Jonii comments on Self-modification is the correct justification for updateless decision theory

Jonii 11 Apr 2010 23:00 UTC
0 points
0

Then you have an AI that satisfies a certain kind of philosopher, wins big in a certain logically impossible world, and destroys humanity.

And if we assume that it’s better to have Earth exist one million years longer, this is the correct thing to do, no question about it, right? If you’re going to take a bet which decides the fate of entire human civilization, you want to take the best bet, which in this case(we assume) was to risk to live only for million years instead risking of exploding right away.
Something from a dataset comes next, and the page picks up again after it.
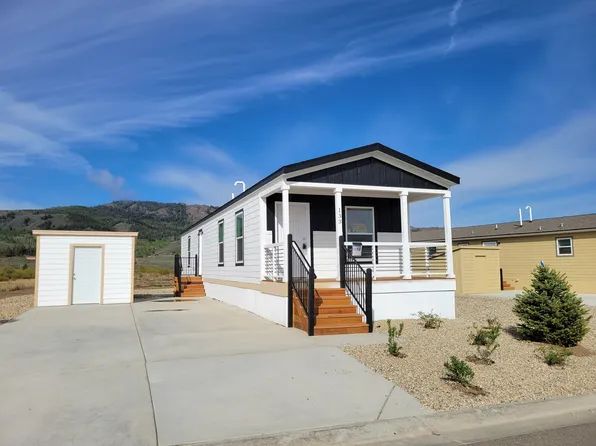 551 Summit Trl #133, Granby, CO 80446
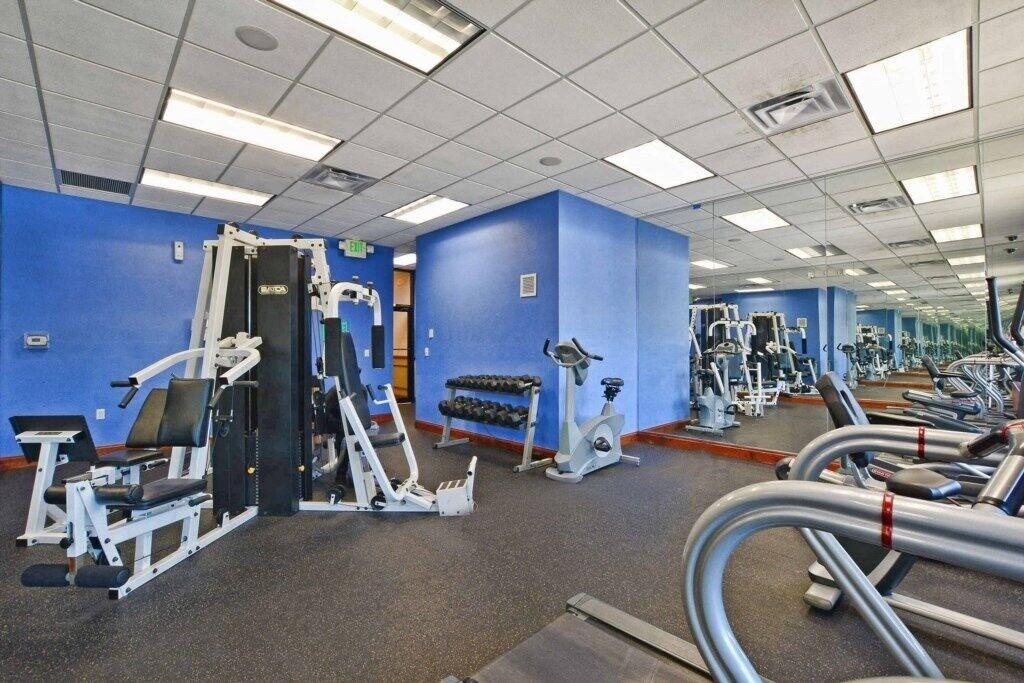 Gimnasio Paradise Palms-4 Bed W/splashpool-3610pp 4 Bedroom Townhouse by RedAwning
Unless, of course, in the counterfactual you know you would’ve pressed the button even though you now don’t. Rigging the lottery is a sneaky way out of the problem.
- Benya 12 Apr 2010 0:35 UTC
  0 points
  0
  Parent
  If you create your AI before you can infer from Omega’s actions what the umpteenth digit of pi is, then I agree that you should create an AI that presses the button, even if the AI finds out (through Omega’s actions) that the digit is in fact odd. This is because from your perspective when you create the AI, this kind of AI maximizes your expected utility (measured in humanity-years).
  
  But if you create your AI after you can infer what the digit is (in the updated-after-your-comment version of my post, by observing that you exist and Alpha Centauri isn’t purple), I argue that you should not create an AI that presses the button, because at that point, you know that’s the losing decision. If you disagree, I don’t yet understand why.
  - Jonii 12 Apr 2010 9:36 UTC
    0 points
    0
    Parent
    
    If you create your AI before you can infer from Omega’s actions what the umpteenth digit of pi is, then I agree that you should create an AI that presses the button, even if the AI finds out (through Omega’s actions) that the digit is in fact odd.
    
    If you can somehow figure it out, then yes, you shouldn’t press the button. If you know that the simulated you would’ve known to press the button when you don’t, you’re not anymore dealing with “take either 50% chance of world exploding right now VS. 50% chance of world exploding million years from now”, but a lot simpler “I offer to destroy the world, you can say yes or no”. Updateless agent would naturally want to take the winning bet if gaining that information were somehow possible.
    
    So, if you know which digit omega used to decide his actions, and how, and you happen to know that digit, the bet you’re taking is the simpler one, the one where you can simply answer ‘yes’ or ‘no’. Observing that Earth has not been destroyed is not enough evidence though, because the simulated, non-conscious you would’ve observed roughly the same thing. Only if there were some sort of difference that you knew you could and would use in the simulation, like, your knowledge of umpteenth digit of pi, or color of some object in the sky(we’re assuming Omega tells you this much in both cases. This about the fate of humanity, you should seriously be certain about what sort of bets you’re taking.
  - JGWeissman 12 Apr 2010 0:42 UTC
    0 points
    0
    Parent
    Why do you think that you should conclude that pushing the button is a losing decision upon observing evidence that the digit is odd, but the AI should not? Is a different epistemology and decision theory ideal for you than what is ideal for the AI?
    - Benya 12 Apr 2010 1:21 UTC
      0 points
      0
      Parent
      
      Why do you think that you should conclude that pushing the button is a losing decision upon observing evidence that the digit is odd, but the AI should not? Is a different epistemology and decision theory ideal for you than what is ideal for the AI?
      
      I think that the AI should be perfectly aware that it is a losing decision (in the sense that it should be able to conclude that it wipes out humanity with certainty), but I think that you should program it to make that decision anyway (by programming it to be an updateless decider, not by special-casing, obviously).
      
      The reason that I think you should program it that way is that programming it that way maximizes the utility you expect when you program the AI, because you can only preserve humanity in one possible future if you make the AI knowingly destroy humanity in the other possible future.
      
      I guess the short answer to your question is that I think it’s sensible to discuss what a human should do, including how a human should build an AI, but not how “an AI should act” (in any other sense than how a human should build an AI to act); after all, a human might listen to advice, but a well-designed AI probably shouldn’t.
      
      If we’re discussing the question how a human should build an AI (or modify themselves, if they can modify themselves), I think they should maximize their expected payoff and make the AI (themselves) updateless deciders. But that’s because that’s their best possible choice according to their knowledge at that point in time, not because it’s the best possible choice according to timeless philosophical ideals. So I don’t conclude that humans should make the choice that would have been their best possible bet a million years ago, but is terrible according to the info they in fact have now.